Northrop Grumman aims to deliver Australia’s first MQ-4C Triton unmanned air vehicle (UAV) in the middle of 2024, as the Royal Australian Air Force (RAAF) reforms its 9 Sqn to operate the long-range maritime patrol asset.
The US company has three Tritons on contract with Australia. The first, rolled out in September 2022, will conduct its maiden sortie and test flights this year, pending delivery to Australia in 2024, says Brad Champion, deputy director of the Triton programme.
The second Australian aircraft completed its wing-fuselage join in Palmdale, California in January, and the third is at Northrop’s Mississippi facility, pending shipment to Palmdale. Both the second and third examples should be delivered in 2024 as well.
All three are in the new Multi-Int configuration, identical to that of US Navy (USN) Tritons. The configuration adds a major signals intelligence (SIGINTcapability in addition to the Triton’s other sensors.
Champion adds that in the USN, Triton’s Multi-Int configuration is likely to achieve initial operating capability (IOC) in the third quarter of 2023.
“We’re primarily focused on our IOC for Multi-Int configuration,” says Champion. “The Multi-Int configuration…brings in the sophisticated SIGINT sensor capability, which is really a step function to the capability that this platform provides.”
Champion and colleagues from Northrop discussed Australia’s Triton programme with FlightGlobal at the recent Avalon Airshow.
Australia has yet to commit to additional Tritons, but Canberra is part of the USN’s programme for the type. Previous assessments and Australia’s 2016 defence white paper have indicated that it is likely to obtain a total of six or seven Tritons.

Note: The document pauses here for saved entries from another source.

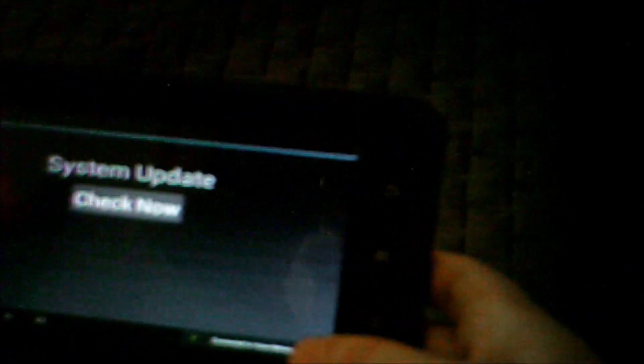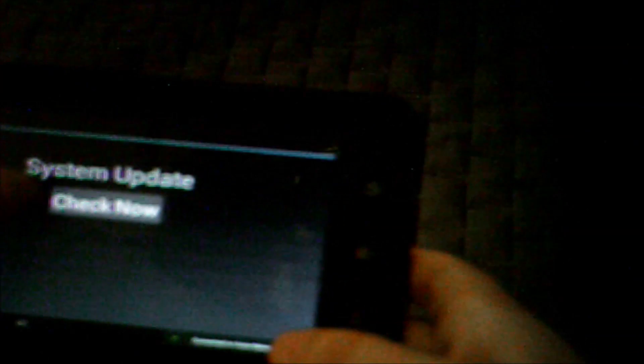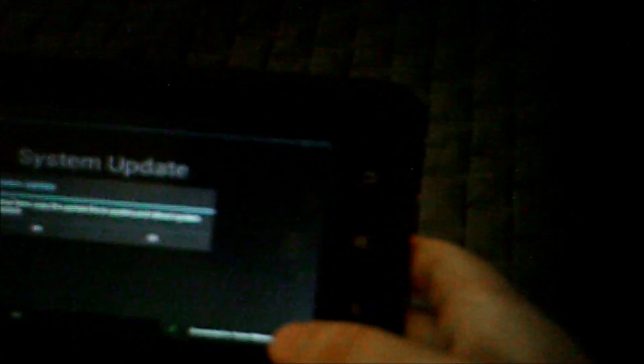Then you go to your system, your about tab, then system update. You hit check for update and it will say copy the update file and reboot. You will say yes, and I'm not going to because I've already done that.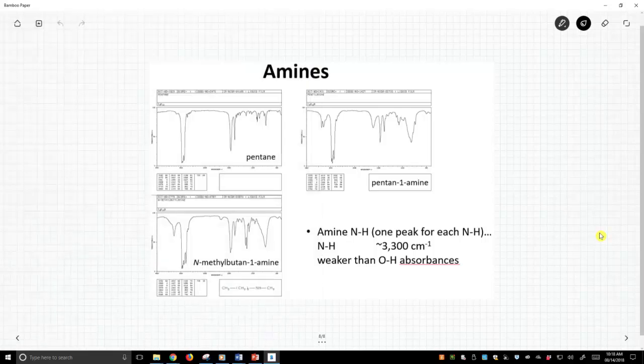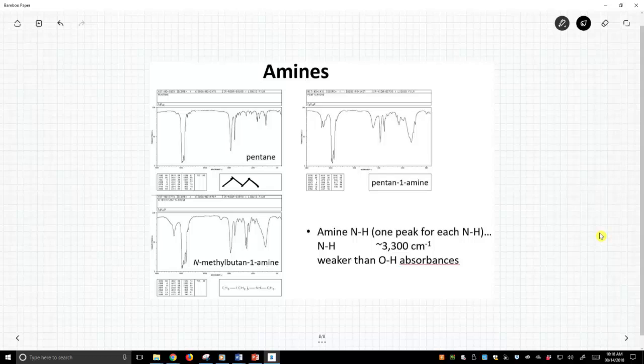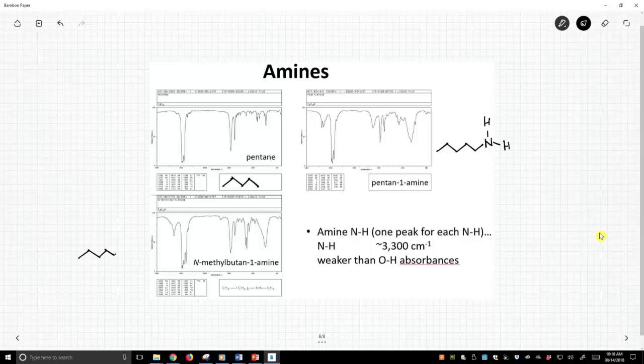Here is pentane again. We'll always start with this molecule. Now here is 1-pentanamine. That is that structure. And down here is n-methyl-1-butanamine. That's it. We've got a CH3. There's our methyl group. We have 1 NH.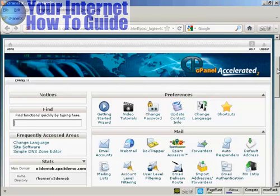In this video I'm going to show you how you can set up an email address which ends in your own domain name.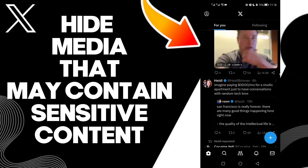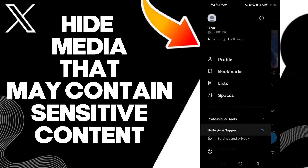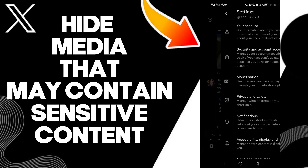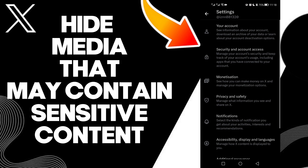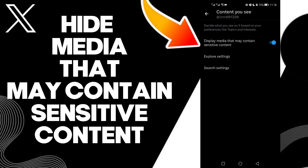First, click on your profile and now click Settings and Privacy. Now click Privacy and Safety. Now click Content You See, and here you will find it.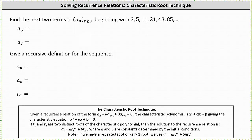We're asked to find the next two terms, a_6 and a_7, in the sequence a_n where n is greater than or equal to zero, beginning with 3, 5, 11, 21, 43, 85, and so on. So we know the first term is a_0, followed by a_1, a_2, a_3, a_4, a_5, and we're asked to find a_6 and a_7.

Canberra clearly sees benefits to the programme. Champion notes that in the USA’s 2021 fiscal year, Australia brought forward some of its Triton buys, which partially helped avert a production freeze. The US Congress also helped by approving three additional aircraft during that period.
“Australia really helped the produciton line, the congressional aircraft helped, and we’re out of that pause period now and continuing with production,” says Champion.
Jake Campbell, Northrop’s Triton programme director in Australia, says that the RAAF will need at least six or seven Tritons if it wants to conduct persistent operations in two separate areas.
To maintain persistent surveillance, the Triton concept of operations calls for one aircraft in the area of responsibility (AOR), one aircraft flying to the AOR, and one returning from the AOR. A fourth aircraft would be in maintenance.
In anticipation of the Triton capability, the RAAF is reforming the historic 9 Sqn, which was active during the Second World War and from 1962-1989. In the 1940s it served in the reconnaissance role flying Supermarine Seagulls and Walruses, and in its later incarnation operated the Bell UH-1 and Sikorsky S-70A.
In addition to supporting Camberra’s Triton acquisition, Northrop is also eyeing future blocks of Australia’s Sea 129 Phase 5 requirement, which calls for UAVs that can operate from warships. Northrop feels its MQ-8C Fire Scout unmanned helicopter is a good potential fit.
James Polzin, Northrop’s capture lead for Fire Scout in the Indo-Pacific, notes that the smaller MQ-8B has been phased out by the USN to make way for the more capable MQ-8C. He says work is underway with MQ-8C in the key area of manned-unmanned teaming.